In another case, environmental group ClientEarth is gearing up to sue Shell’s board of directors. The group argues that the board has failed to implement a climate strategy that aligns with the Paris Agreement and that this is a breach of their duties under the UK Companies Act. The act states that a company’s board is legally responsible for the company’s success. If ClientEarth loses, it could be responsible for the full cost of the litigation, including the defendants’ legal fees.   

Considering the different laws and economic situations of countries around the world, geography may also be a factor in legal access and success. Courts in developing nations may have fewer resources than their peers in the so-called Global North, Bouwer says. As such, they might be less willing to take on cases.

While court cases are always going to require a lot of resources, which will usually favour parties with deep pockets, such as corporations, plaintiffs with fewer resources looking to bring forward an environmental case can still hire quality legal representation, and the best lawyers aren’t always the most expensive, Earthjustice’s Wagner says.

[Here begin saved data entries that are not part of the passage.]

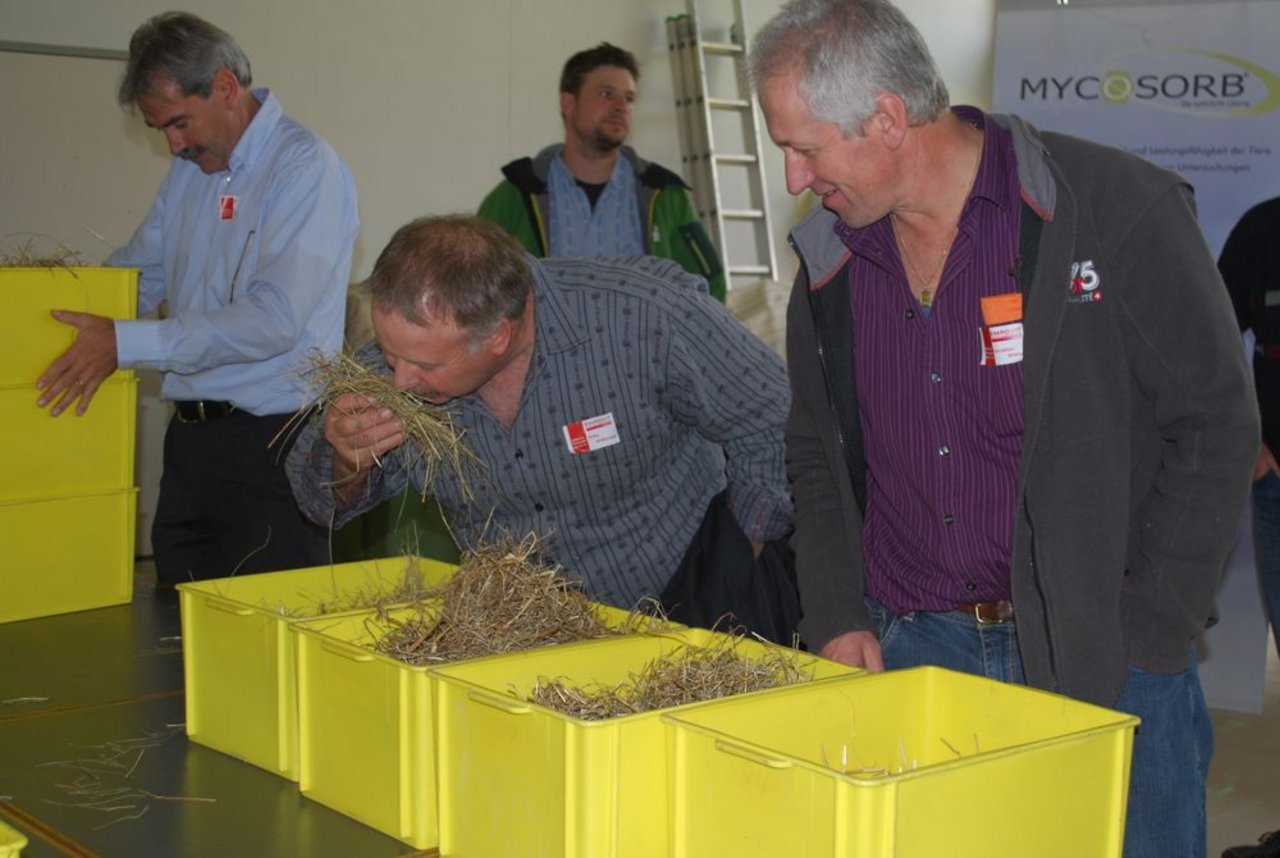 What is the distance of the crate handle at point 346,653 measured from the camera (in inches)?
69.6

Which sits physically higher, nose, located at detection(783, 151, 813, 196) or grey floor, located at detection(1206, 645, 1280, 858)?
nose, located at detection(783, 151, 813, 196)

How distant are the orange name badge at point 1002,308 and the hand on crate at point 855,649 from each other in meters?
0.48

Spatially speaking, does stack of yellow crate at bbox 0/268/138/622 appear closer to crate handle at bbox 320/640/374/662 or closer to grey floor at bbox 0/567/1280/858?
grey floor at bbox 0/567/1280/858

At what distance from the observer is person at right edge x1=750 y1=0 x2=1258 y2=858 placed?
174cm

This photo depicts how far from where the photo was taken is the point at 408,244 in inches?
85.4

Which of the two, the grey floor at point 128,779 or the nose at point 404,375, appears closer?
the grey floor at point 128,779

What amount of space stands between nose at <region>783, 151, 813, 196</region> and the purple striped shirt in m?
0.18

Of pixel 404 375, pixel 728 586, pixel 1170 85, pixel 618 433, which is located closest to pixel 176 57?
pixel 404 375

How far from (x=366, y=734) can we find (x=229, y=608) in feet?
1.26

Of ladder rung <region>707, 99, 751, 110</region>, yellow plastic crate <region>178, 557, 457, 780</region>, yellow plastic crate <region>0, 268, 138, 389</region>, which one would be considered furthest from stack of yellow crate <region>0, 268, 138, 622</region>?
ladder rung <region>707, 99, 751, 110</region>

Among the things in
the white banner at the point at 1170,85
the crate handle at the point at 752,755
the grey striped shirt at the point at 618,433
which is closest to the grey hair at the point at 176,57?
the grey striped shirt at the point at 618,433

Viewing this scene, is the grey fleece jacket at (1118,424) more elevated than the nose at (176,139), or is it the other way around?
the nose at (176,139)

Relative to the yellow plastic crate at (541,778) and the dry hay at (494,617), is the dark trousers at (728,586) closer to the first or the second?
the dry hay at (494,617)

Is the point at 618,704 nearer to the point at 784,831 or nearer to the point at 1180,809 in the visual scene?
the point at 784,831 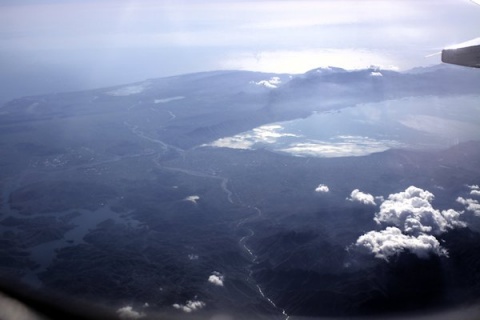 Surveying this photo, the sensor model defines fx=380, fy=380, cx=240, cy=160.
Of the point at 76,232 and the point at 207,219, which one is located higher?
the point at 76,232

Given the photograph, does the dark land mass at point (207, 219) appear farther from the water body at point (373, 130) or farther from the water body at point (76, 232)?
the water body at point (373, 130)

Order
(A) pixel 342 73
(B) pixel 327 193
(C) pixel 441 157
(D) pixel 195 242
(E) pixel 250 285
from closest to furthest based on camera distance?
1. (E) pixel 250 285
2. (D) pixel 195 242
3. (B) pixel 327 193
4. (C) pixel 441 157
5. (A) pixel 342 73

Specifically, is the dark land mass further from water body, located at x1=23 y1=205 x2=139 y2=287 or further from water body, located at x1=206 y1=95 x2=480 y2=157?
water body, located at x1=206 y1=95 x2=480 y2=157

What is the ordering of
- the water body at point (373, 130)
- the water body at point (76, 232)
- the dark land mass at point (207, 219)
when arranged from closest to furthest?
the dark land mass at point (207, 219) < the water body at point (76, 232) < the water body at point (373, 130)

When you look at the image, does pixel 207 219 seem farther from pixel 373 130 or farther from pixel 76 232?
pixel 373 130

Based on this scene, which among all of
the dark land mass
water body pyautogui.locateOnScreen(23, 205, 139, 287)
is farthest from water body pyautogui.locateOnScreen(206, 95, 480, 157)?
water body pyautogui.locateOnScreen(23, 205, 139, 287)

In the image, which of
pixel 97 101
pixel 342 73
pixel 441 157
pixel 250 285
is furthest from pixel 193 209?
pixel 342 73

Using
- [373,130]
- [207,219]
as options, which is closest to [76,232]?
[207,219]

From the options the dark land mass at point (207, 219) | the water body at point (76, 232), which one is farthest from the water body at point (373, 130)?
the water body at point (76, 232)

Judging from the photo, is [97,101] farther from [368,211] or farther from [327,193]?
[368,211]

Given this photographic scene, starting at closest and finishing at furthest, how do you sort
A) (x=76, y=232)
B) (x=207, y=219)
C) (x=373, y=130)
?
(x=76, y=232)
(x=207, y=219)
(x=373, y=130)

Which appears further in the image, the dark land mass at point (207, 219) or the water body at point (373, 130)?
the water body at point (373, 130) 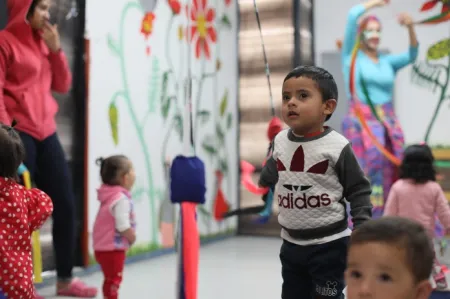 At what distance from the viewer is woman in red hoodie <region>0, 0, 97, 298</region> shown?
201cm

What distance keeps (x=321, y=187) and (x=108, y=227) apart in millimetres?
940

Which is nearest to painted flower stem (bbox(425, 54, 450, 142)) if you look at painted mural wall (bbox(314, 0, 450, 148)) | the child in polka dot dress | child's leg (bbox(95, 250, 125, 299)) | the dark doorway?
painted mural wall (bbox(314, 0, 450, 148))

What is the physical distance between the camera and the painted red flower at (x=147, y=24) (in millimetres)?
3011

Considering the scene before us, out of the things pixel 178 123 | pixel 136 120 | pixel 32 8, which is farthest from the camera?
pixel 178 123

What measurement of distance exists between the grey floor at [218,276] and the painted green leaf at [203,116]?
2.56ft

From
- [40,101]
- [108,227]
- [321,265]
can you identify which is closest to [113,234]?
[108,227]

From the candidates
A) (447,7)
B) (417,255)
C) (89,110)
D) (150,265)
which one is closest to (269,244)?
(150,265)

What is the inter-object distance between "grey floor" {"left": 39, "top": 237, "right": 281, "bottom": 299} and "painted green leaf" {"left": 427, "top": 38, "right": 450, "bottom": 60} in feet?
5.32

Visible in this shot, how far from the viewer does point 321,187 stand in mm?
1291

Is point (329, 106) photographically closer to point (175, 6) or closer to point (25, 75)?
point (25, 75)

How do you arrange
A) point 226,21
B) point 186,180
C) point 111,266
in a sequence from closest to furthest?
point 186,180 → point 111,266 → point 226,21

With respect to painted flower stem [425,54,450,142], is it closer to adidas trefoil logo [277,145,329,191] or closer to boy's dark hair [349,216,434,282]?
adidas trefoil logo [277,145,329,191]

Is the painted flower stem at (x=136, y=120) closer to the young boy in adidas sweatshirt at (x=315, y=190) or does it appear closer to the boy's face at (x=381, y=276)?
the young boy in adidas sweatshirt at (x=315, y=190)

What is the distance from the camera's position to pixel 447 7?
355 cm
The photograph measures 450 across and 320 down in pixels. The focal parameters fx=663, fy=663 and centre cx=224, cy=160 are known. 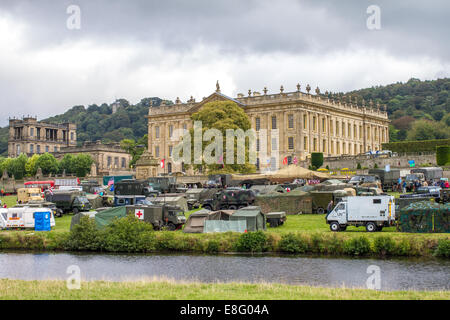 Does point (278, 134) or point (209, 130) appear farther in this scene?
point (278, 134)

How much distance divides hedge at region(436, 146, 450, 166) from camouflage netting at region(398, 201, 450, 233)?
35.9 meters

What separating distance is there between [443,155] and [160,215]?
1518 inches

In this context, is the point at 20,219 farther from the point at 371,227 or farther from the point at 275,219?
the point at 371,227

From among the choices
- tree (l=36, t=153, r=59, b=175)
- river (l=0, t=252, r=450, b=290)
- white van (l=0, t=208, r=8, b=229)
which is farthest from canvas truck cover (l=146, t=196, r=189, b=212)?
tree (l=36, t=153, r=59, b=175)

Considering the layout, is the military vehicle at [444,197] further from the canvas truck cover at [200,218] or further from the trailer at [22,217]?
the trailer at [22,217]

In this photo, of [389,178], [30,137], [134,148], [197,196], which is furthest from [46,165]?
[389,178]

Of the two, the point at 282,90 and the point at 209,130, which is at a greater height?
the point at 282,90

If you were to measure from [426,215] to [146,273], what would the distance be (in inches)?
495

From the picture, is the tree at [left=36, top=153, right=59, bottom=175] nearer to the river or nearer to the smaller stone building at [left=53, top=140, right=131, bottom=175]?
the smaller stone building at [left=53, top=140, right=131, bottom=175]

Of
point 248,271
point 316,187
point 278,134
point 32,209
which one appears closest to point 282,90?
point 278,134

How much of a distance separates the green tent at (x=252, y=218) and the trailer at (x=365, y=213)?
3.22 m

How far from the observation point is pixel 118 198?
4388 centimetres

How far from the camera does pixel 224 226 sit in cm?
3200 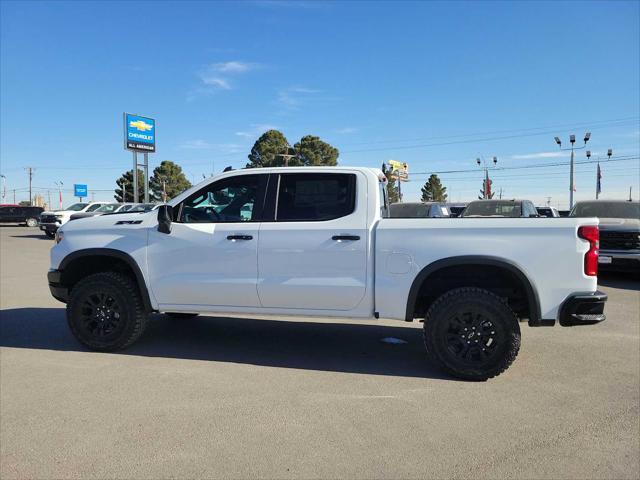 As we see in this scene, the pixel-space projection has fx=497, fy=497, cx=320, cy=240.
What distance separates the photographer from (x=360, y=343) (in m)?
5.86

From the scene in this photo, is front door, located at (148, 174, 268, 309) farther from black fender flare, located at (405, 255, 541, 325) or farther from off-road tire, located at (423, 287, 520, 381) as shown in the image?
off-road tire, located at (423, 287, 520, 381)

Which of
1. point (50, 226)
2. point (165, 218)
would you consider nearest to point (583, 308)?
point (165, 218)

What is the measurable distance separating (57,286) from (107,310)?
0.72 m

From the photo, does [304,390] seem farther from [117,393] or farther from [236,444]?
[117,393]

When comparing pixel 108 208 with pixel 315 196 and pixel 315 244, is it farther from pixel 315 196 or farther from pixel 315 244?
pixel 315 244

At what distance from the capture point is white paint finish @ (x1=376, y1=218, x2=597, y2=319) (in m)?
4.41

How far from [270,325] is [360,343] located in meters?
1.46

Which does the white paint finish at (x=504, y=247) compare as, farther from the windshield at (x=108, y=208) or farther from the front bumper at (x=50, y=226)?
the front bumper at (x=50, y=226)

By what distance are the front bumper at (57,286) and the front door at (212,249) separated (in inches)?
45.2

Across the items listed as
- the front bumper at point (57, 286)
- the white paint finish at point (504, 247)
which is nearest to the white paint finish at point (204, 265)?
the front bumper at point (57, 286)

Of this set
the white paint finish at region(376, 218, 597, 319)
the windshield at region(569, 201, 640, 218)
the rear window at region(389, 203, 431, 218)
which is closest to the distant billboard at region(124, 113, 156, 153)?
the rear window at region(389, 203, 431, 218)

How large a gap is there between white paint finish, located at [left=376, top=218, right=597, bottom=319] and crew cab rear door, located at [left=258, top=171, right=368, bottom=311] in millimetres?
287

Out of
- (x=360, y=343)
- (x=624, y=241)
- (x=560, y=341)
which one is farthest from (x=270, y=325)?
(x=624, y=241)

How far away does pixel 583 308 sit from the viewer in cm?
442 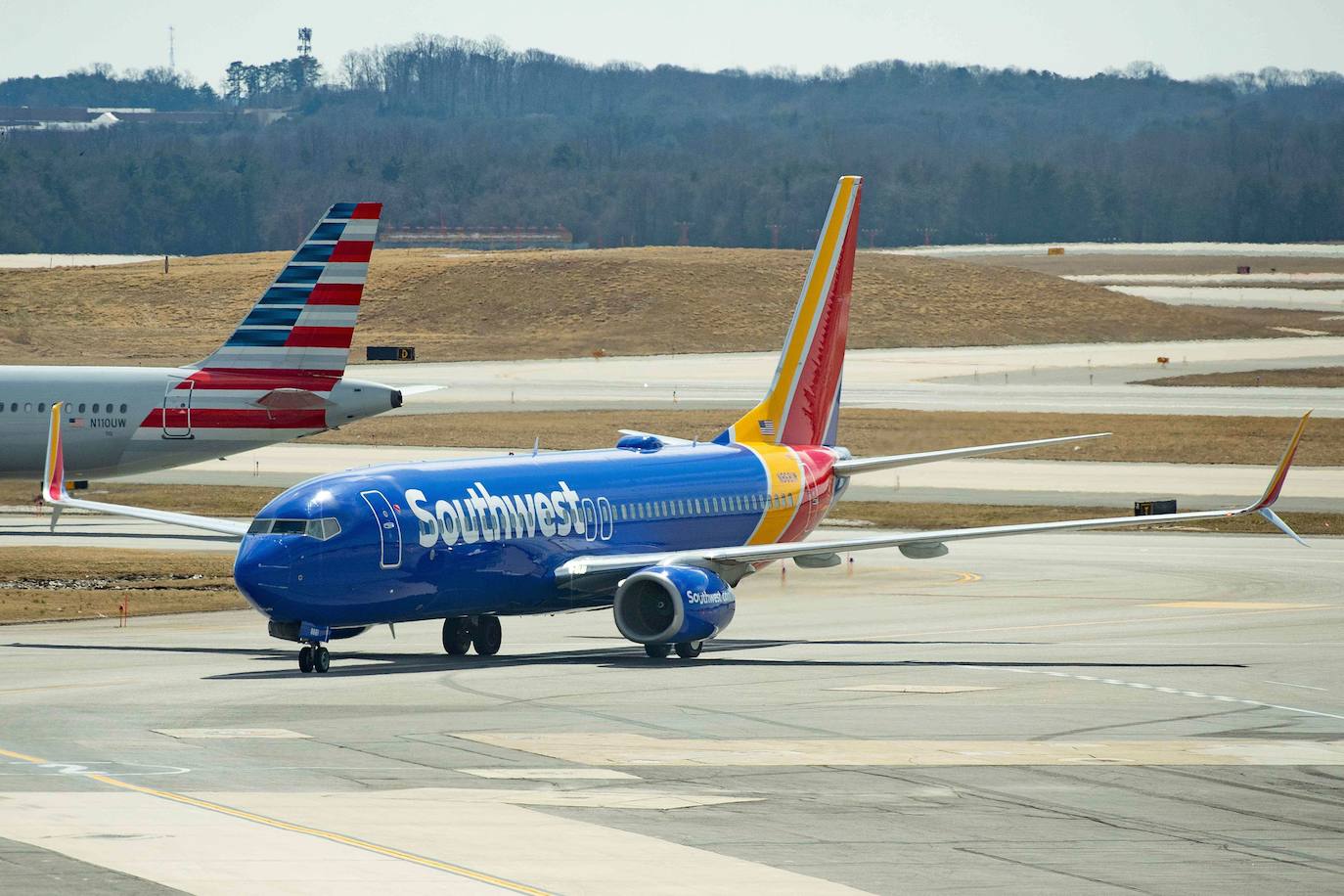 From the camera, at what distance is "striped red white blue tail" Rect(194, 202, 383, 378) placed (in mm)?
64000

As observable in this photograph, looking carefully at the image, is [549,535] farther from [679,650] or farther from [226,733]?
[226,733]

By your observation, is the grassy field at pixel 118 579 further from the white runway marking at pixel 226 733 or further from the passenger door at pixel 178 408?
the white runway marking at pixel 226 733

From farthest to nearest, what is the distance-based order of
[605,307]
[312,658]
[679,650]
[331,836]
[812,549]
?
[605,307]
[812,549]
[679,650]
[312,658]
[331,836]

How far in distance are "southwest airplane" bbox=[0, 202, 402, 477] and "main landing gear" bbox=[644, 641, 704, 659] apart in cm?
2612

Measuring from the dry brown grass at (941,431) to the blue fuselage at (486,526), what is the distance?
37442 mm

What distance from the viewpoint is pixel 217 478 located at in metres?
78.6

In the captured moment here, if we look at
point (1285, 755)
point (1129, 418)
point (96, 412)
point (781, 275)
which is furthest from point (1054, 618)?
point (781, 275)

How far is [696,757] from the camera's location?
95.9ft

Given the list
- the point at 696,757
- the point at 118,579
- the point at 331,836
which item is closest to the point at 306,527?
the point at 696,757

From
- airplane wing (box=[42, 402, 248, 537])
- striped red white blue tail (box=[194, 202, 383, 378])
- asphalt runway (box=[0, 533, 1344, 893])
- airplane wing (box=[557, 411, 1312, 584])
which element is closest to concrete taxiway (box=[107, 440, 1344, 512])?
striped red white blue tail (box=[194, 202, 383, 378])

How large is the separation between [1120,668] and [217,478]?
46.9 metres

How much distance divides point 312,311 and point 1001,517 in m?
23.2

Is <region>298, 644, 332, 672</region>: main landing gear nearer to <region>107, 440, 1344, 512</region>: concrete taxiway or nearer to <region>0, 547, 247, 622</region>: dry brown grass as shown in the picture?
<region>0, 547, 247, 622</region>: dry brown grass

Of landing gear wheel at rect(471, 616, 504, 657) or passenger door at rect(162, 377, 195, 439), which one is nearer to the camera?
landing gear wheel at rect(471, 616, 504, 657) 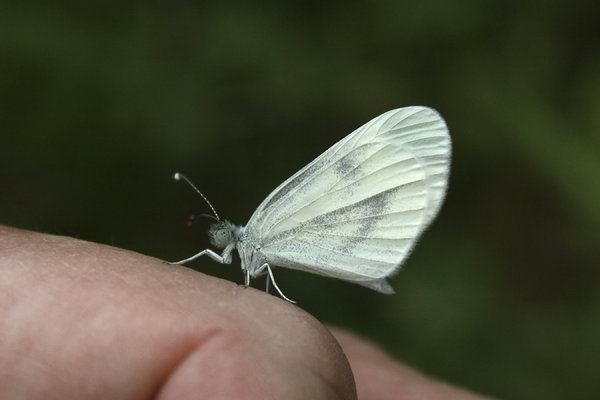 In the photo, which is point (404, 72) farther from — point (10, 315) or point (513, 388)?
point (10, 315)

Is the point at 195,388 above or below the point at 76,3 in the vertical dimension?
below

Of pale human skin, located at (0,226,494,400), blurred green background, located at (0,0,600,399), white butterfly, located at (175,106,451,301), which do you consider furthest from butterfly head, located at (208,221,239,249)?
blurred green background, located at (0,0,600,399)

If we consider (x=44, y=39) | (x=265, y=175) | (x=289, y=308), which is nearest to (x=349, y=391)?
(x=289, y=308)

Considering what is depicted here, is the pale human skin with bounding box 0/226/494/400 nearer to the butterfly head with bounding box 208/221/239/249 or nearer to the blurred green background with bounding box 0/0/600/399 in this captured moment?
the butterfly head with bounding box 208/221/239/249

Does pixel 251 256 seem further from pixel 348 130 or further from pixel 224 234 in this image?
pixel 348 130

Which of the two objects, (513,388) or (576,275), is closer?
(513,388)

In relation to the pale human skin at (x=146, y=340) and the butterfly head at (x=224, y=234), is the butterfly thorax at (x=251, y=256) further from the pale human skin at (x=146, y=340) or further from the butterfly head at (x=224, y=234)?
the pale human skin at (x=146, y=340)

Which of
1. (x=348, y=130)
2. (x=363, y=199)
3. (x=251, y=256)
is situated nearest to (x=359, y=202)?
(x=363, y=199)
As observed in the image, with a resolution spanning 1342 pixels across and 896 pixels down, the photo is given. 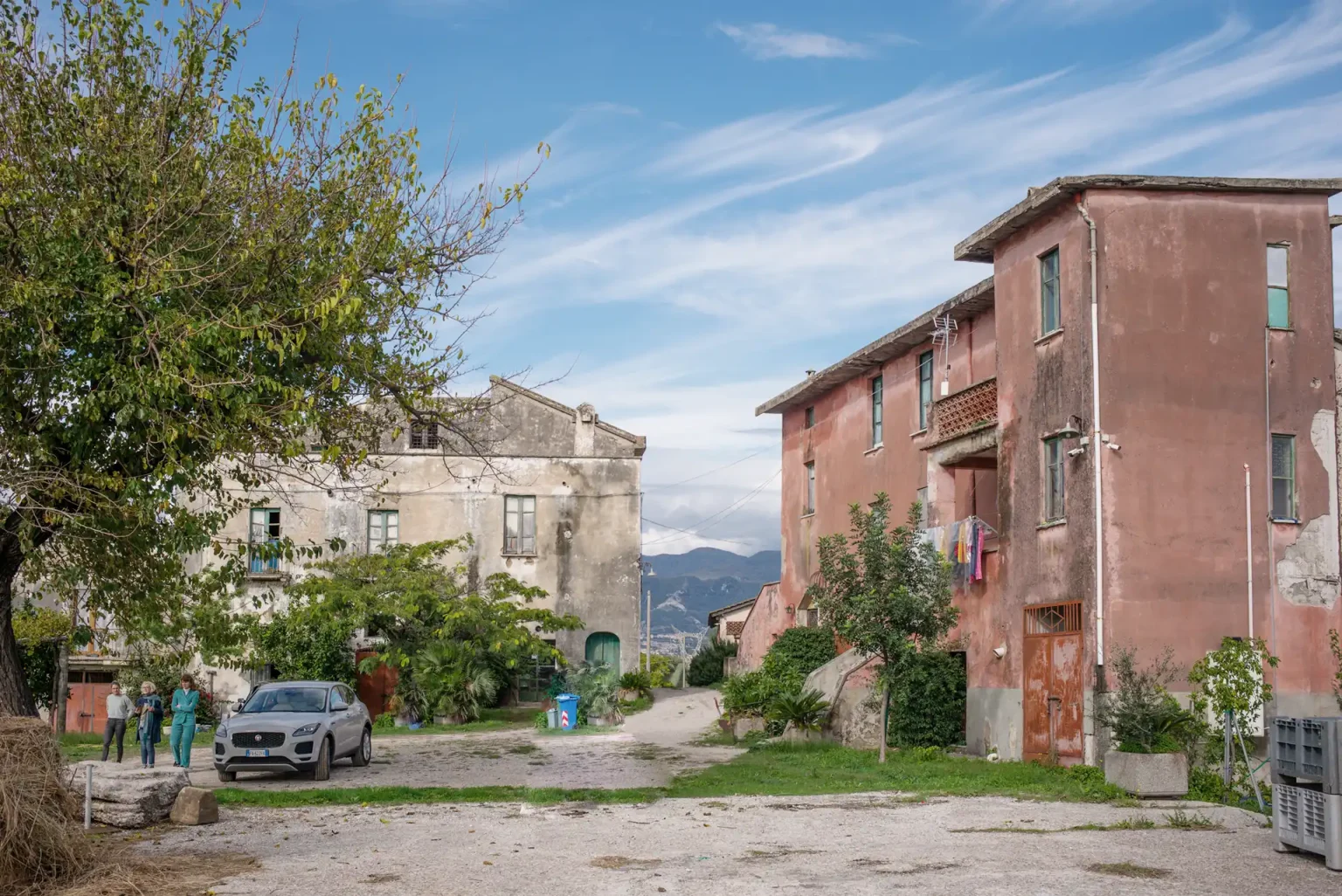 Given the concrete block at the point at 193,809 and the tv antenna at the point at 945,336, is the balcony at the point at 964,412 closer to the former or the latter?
the tv antenna at the point at 945,336

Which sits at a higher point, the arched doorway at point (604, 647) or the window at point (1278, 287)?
the window at point (1278, 287)

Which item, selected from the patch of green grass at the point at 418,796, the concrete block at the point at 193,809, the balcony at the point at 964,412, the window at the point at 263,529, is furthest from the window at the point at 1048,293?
the window at the point at 263,529

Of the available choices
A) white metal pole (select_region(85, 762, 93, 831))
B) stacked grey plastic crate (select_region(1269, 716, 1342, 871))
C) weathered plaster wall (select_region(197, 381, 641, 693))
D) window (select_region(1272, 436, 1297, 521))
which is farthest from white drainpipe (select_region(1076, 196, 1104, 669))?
weathered plaster wall (select_region(197, 381, 641, 693))

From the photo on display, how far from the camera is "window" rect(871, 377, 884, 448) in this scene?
32.8m

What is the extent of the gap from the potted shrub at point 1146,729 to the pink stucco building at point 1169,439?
0.37 meters

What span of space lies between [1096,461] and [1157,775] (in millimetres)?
5371

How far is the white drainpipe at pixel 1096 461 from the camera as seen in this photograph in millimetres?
21078

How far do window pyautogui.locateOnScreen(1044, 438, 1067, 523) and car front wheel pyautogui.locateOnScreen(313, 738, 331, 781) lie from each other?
12526 mm

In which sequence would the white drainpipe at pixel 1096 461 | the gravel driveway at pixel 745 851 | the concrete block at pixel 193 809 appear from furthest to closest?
the white drainpipe at pixel 1096 461, the concrete block at pixel 193 809, the gravel driveway at pixel 745 851

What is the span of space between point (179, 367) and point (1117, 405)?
47.3 ft

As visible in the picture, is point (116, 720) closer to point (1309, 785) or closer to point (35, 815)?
point (35, 815)

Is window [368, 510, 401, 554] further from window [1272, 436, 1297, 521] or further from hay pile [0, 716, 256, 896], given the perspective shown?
hay pile [0, 716, 256, 896]

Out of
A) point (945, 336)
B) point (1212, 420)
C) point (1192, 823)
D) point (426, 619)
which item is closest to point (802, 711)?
point (945, 336)

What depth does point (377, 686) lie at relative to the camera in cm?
4000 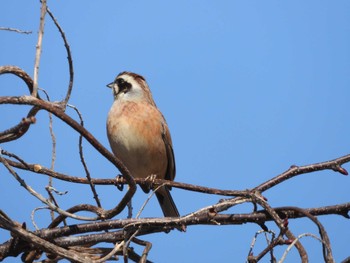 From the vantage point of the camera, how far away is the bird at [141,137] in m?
5.23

Some environmental organisations, such as Ecojustice, regularly offer free legal help, says Jolene Lin, associate professor at the National University of Singapore’s Faculty of Law and co-author of the paper, “Transnational Climate Litigation: The Contribution of the Global South.” As part of their mandates, such environmental organisations may seek out cases against government or business parties to bring forward in developing nations, according to Lin.

Beyond the courtroom

Corporations have tools beyond money to use in the legal sphere. For instance, they can pressure governments into changing laws, according to Wagner. In this way, a plaintiff seeking climate justice might win a court battle, but the victory could evaporate when a government changes laws to favour the private sector.

The Trump administration, for example, weakened environmental protections in the wake of BP lobbying — and Wagner notes that similar things also happen outside the US “I would say it’s almost certain any time an environmental law is weakened, there’s corporate money behind the effort,” he says.

However, effecting change in climate policy isn’t always just about the final decision, Setzer says. Even if a plaintiff loses, there can be gains in the awareness built along the way. For example, in 2017,  Plan B, a nonprofit organisation working to counter climate change, filed a case against the UK’s secretary of state for business, energy and industrial strategy, aiming to get the UK to set more robust emission reduction goals. The case was dismissed, and then appealed, but the appeal was ultimately rejected.

Even though the courts appeared uninterested in hearing the nonprofit’s case, Bouwer notes that the effort came with a good deal of activism and, eventually, the UK announced efforts to reach net zero greenhouse gas emissions. (Though recently, critics say the UK government is defying its own targets by announcing new oil drilling in the North Sea.)

In a report by Bouwer and Setzer that outlines climate litigation and activism, the UK case is considered a “fail with benefits,” or one that aids climate action or helps create new legal pathways for future cases. “It did work, just not in the courts,” Bouwer says. “A win in the courts isn’t always the best win.”